What you can do is to generate a list of unique ids. You can use the lists:usort/1 function to ensure there are not duplicates. The condition ensures that the generated element is not already part of the state.

uids(S) ->
  ?LET(L, list(nat()),
       [X || X <- lists:usort(L), not lists:keymember(X, 1, S#state.items)]).

Starting from the generated list of unique ids, you can then construct a list of complex items:

items(S) ->
  ?LET(Ids, uids(S), [item(Id) || Id <- Ids]).

Where the item/1 function creates a complex data structure starting from an identifier”

item(Id) ->
  ?LET(Value, some_value_generator(), {Id, Value}).

No spikes in time

One of the properties you may want to verify is that a single API request doesn’t take longer than a certain amount of time. A simple way to check this is to use the timer:tc/1 function. There are a couple of important considerations to be made about this function. For example, it is advised to run it from a newly spawned process and to call erlang:garbage_collect/1 just before using it, to lower the possibilities the Erlang garbage collector starts its job during the measurement. Nonethless, if you don’t need extremely accurate measurements, the following approach may be good enough for you.

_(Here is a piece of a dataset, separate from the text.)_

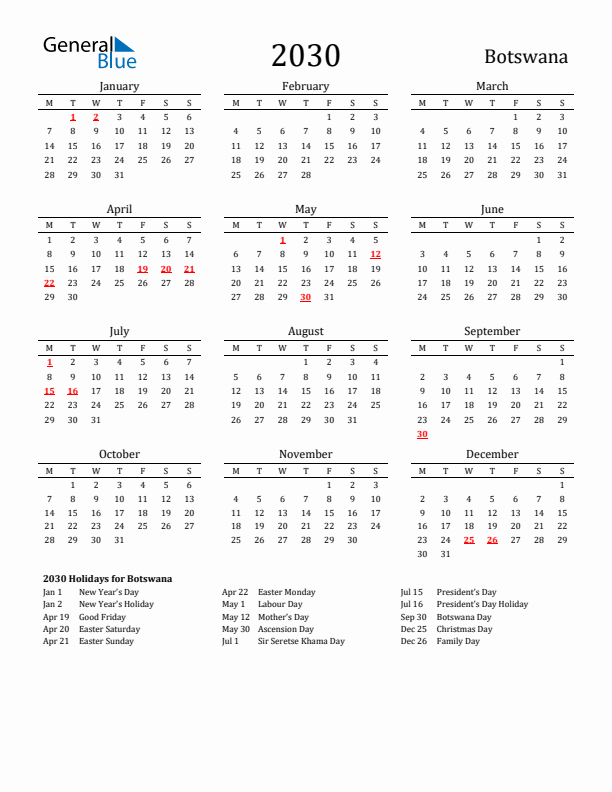 Botswana Holidays Calendar for 2030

Let’s assume you have an exec command in your Quickcheck statem:

exec_command(S) ->
  Args = ...
  {call, ?MODULE, exec, [Args]}.

Your ?MODULE:exec/1 function should then look something like:

exec(Args) ->
  timer:tc(server, exec, [Args]).

And the postcondition would look something like:

exec_post(S, [Args], {Time, Result}) ->
  Time < expected_time(exec, Args) andalso Result ...

Where:

expected_time(exec, Args) -> 10 * 1000. %% 10 ms

As a plus, you may want collect some statistics about times (which are now part of the command results) in your property, via the aggregate/2,3 and collect/2,3 functions.

Dealing with race conditions

In our case, it proved to be really hard to provoke the race condition which caused our property to fail. This is why we wrapped our property into a ?ALWAYS(N, Prop) to repeat the same test several time:

prop_sample() ->
  ?FORALL(Attempts, ?SHRINK(1, [100]),
    ?FORALL(Cmds, commands(?MODULE),
      ?ALWAYS(Attempts,
        begin
          ...
        end))).

Notice how we abused the ?SHRINK macro to force Quickcheck to test each case once while searching for a failure and then 100 times for each shrinking attempt.

Amending the counterexample

In case of a failing property, Quickcheck stores a copy of the counter-example found. The last counter-example can be retrieved by the eqc:counterexample/0 function. Once fetched, it can be used to repeat a test or to test a different property in the same case, for example using the eqc:check(Prop) function.

The eqc:counterexample/0 function returns a counterexample() abstract data type. With the current version of Quickcheck, it’s possible to decompose the return value into a list of two elements:

[N,C] = eqc:counterexample().

The second element (C) is the actual counter-example, whilst the first element (N) represents the number of attempts you want to re-try that test. If you want to re-try the counterexample a certain amount of times, you can simply do:

eqc:check(sample_eqc:prop_sample(), [1000, B]).